(Scraped caption text data)

--- --- ---

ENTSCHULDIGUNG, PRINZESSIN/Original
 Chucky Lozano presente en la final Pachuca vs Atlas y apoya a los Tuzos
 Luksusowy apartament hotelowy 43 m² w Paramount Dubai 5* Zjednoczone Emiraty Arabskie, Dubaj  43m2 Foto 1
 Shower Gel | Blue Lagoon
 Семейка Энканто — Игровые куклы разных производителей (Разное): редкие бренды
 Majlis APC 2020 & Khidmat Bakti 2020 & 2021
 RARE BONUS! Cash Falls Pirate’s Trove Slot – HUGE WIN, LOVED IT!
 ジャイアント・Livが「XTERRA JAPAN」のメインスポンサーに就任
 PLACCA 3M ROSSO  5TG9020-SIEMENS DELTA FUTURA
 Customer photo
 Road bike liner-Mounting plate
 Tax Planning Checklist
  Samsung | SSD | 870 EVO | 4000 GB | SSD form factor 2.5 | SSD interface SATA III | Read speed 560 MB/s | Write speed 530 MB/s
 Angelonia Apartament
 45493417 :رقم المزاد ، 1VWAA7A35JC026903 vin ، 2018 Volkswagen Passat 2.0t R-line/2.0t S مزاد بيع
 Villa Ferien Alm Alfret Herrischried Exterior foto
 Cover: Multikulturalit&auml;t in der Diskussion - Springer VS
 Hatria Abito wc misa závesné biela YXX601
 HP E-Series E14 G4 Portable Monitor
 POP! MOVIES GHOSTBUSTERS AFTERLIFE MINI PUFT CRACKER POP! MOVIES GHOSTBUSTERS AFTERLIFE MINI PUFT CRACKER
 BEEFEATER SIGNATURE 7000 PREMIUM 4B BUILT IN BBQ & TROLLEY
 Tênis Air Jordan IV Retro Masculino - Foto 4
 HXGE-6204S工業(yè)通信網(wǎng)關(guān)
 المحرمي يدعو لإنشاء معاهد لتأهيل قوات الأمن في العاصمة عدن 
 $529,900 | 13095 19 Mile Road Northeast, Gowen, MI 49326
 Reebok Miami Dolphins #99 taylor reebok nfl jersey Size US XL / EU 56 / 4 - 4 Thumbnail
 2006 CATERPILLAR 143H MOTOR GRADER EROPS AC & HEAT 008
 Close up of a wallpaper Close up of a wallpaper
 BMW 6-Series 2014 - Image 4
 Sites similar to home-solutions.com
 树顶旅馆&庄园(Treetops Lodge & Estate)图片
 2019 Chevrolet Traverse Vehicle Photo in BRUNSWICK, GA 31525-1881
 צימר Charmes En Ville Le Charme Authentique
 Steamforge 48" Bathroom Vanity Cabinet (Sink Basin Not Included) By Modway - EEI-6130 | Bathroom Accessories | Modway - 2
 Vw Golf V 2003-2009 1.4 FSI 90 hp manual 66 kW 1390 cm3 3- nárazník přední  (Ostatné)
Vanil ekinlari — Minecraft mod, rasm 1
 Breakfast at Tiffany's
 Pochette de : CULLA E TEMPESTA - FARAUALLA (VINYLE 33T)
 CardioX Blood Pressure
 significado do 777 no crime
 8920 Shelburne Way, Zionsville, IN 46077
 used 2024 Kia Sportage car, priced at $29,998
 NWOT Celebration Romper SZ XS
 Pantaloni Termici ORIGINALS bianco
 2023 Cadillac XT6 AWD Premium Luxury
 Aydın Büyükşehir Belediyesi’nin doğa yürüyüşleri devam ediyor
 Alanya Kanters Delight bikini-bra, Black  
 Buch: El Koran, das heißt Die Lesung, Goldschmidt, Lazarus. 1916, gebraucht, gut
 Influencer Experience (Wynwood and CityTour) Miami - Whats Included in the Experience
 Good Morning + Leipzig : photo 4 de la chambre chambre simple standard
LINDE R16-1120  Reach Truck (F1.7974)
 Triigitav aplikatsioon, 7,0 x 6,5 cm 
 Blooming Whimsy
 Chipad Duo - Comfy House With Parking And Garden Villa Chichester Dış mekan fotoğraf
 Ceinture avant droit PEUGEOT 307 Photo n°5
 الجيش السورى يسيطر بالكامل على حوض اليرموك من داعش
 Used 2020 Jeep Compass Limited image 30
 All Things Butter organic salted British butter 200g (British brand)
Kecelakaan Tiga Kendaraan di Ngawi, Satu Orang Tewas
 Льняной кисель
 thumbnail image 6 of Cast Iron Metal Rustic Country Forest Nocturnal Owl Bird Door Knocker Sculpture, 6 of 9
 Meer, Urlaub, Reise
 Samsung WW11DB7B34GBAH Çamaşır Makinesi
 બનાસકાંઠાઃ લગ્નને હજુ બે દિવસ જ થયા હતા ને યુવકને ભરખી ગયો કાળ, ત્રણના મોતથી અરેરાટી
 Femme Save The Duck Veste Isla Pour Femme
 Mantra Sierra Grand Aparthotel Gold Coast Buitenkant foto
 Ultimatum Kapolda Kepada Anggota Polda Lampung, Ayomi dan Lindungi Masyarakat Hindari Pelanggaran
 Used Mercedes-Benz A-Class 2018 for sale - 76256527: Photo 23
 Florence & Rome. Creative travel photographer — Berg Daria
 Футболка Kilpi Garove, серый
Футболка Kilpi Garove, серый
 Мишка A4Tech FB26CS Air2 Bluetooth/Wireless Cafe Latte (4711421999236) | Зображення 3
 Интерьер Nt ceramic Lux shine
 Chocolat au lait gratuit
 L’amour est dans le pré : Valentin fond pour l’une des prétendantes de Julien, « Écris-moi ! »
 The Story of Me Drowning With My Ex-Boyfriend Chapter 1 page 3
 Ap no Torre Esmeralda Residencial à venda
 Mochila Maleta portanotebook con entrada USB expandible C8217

--- --- ---

▸ TASK BRIEF
Reproduce all records exactly, without omissions.

▸ RESPONSE BELOW
ENTSCHULDIGUNG, PRINZESSIN/Original
 Chucky Lozano presente en la final Pachuca vs Atlas y apoya a los Tuzos
 Luksusowy apartament hotelowy 43 m² w Paramount Dubai 5* Zjednoczone Emiraty Arabskie, Dubaj  43m2 Foto 1
 Shower Gel | Blue Lagoon
 Семейка Энканто — Игровые куклы разных производителей (Разное): редкие бренды
 Majlis APC 2020 & Khidmat Bakti 2020 & 2021
 RARE BONUS! Cash Falls Pirate’s Trove Slot – HUGE WIN, LOVED IT!
 ジャイアント・Livが「XTERRA JAPAN」のメインスポンサーに就任
 PLACCA 3M ROSSO  5TG9020-SIEMENS DELTA FUTURA
 Customer photo
 Road bike liner-Mounting plate
 Tax Planning Checklist
  Samsung | SSD | 870 EVO | 4000 GB | SSD form factor 2.5 | SSD interface SATA III | Read speed 560 MB/s | Write speed 530 MB/s
 Angelonia Apartament
 45493417 :رقم المزاد ، 1VWAA7A35JC026903 vin ، 2018 Volkswagen Passat 2.0t R-line/2.0t S مزاد بيع
 Villa Ferien Alm Alfret Herrischried Exterior foto
 Cover: Multikulturalit&auml;t in der Diskussion - Springer VS
 Hatria Abito wc misa závesné biela YXX601
 HP E-Series E14 G4 Portable Monitor
 POP! MOVIES GHOSTBUSTERS AFTERLIFE MINI PUFT CRACKER POP! MOVIES GHOSTBUSTERS AFTERLIFE MINI PUFT CRACKER
 BEEFEATER SIGNATURE 7000 PREMIUM 4B BUILT IN BBQ & TROLLEY
 Tênis Air Jordan IV Retro Masculino - Foto 4
 HXGE-6204S工業(yè)通信網(wǎng)關(guān)
 المحرمي يدعو لإنشاء معاهد لتأهيل قوات الأمن في العاصمة عدن 
 $529,900 | 13095 19 Mile Road Northeast, Gowen, MI 49326
 Reebok Miami Dolphins #99 taylor reebok nfl jersey Size US XL / EU 56 / 4 - 4 Thumbnail
 2006 CATERPILLAR 143H MOTOR GRADER EROPS AC & HEAT 008
 Close up of a wallpaper Close up of a wallpaper
 BMW 6-Series 2014 - Image 4
 Sites similar to home-solutions.com
 树顶旅馆&庄园(Treetops Lodge & Estate)图片
 2019 Chevrolet Traverse Vehicle Photo in BRUNSWICK, GA 31525-1881
 צימר Charmes En Ville Le Charme Authentique
 Steamforge 48" Bathroom Vanity Cabinet (Sink Basin Not Included) By Modway - EEI-6130 | Bathroom Accessories | Modway - 2
 Vw Golf V 2003-2009 1.4 FSI 90 hp manual 66 kW 1390 cm3 3- nárazník přední  (Ostatné)
Vanil ekinlari — Minecraft mod, rasm 1
 Breakfast at Tiffany's
 Pochette de : CULLA E TEMPESTA - FARAUALLA (VINYLE 33T)
 CardioX Blood Pressure
 significado do 777 no crime
 8920 Shelburne Way, Zionsville, IN 46077
 used 2024 Kia Sportage car, priced at $29,998
 NWOT Celebration Romper SZ XS
 Pantaloni Termici ORIGINALS bianco
 2023 Cadillac XT6 AWD Premium Luxury
 Aydın Büyükşehir Belediyesi’nin doğa yürüyüşleri devam ediyor
 Alanya Kanters Delight bikini-bra, Black  
 Buch: El Koran, das heißt Die Lesung, Goldschmidt, Lazarus. 1916, gebraucht, gut
 Influencer Experience (Wynwood and CityTour) Miami - Whats Included in the Experience
 Good Morning + Leipzig : photo 4 de la chambre chambre simple standard
LINDE R16-1120  Reach Truck (F1.7974)
 Triigitav aplikatsioon, 7,0 x 6,5 cm 
 Blooming Whimsy
 Chipad Duo - Comfy House With Parking And Garden Villa Chichester Dış mekan fotoğraf
 Ceinture avant droit PEUGEOT 307 Photo n°5
 الجيش السورى يسيطر بالكامل على حوض اليرموك من داعش
 Used 2020 Jeep Compass Limited image 30
 All Things Butter organic salted British butter 200g (British brand)
Kecelakaan Tiga Kendaraan di Ngawi, Satu Orang Tewas
 Льняной кисель
 thumbnail image 6 of Cast Iron Metal Rustic Country Forest Nocturnal Owl Bird Door Knocker Sculpture, 6 of 9
 Meer, Urlaub, Reise
 Samsung WW11DB7B34GBAH Çamaşır Makinesi
 બનાસકાંઠાઃ લગ્નને હજુ બે દિવસ જ થયા હતા ને યુવકને ભરખી ગયો કાળ, ત્રણના મોતથી અરેરાટી
 Femme Save The Duck Veste Isla Pour Femme
 Mantra Sierra Grand Aparthotel Gold Coast Buitenkant foto
 Ultimatum Kapolda Kepada Anggota Polda Lampung, Ayomi dan Lindungi Masyarakat Hindari Pelanggaran
 Used Mercedes-Benz A-Class 2018 for sale - 76256527: Photo 23
 Florence & Rome. Creative travel photographer — Berg Daria
 Футболка Kilpi Garove, серый
Футболка Kilpi Garove, серый
 Мишка A4Tech FB26CS Air2 Bluetooth/Wireless Cafe Latte (4711421999236) | Зображення 3
 Интерьер Nt ceramic Lux shine
 Chocolat au lait gratuit
 L’amour est dans le pré : Valentin fond pour l’une des prétendantes de Julien, « Écris-moi ! »
 The Story of Me Drowning With My Ex-Boyfriend Chapter 1 page 3
 Ap no Torre Esmeralda Residencial à venda
 Mochila Maleta portanotebook con entrada USB expandible C8217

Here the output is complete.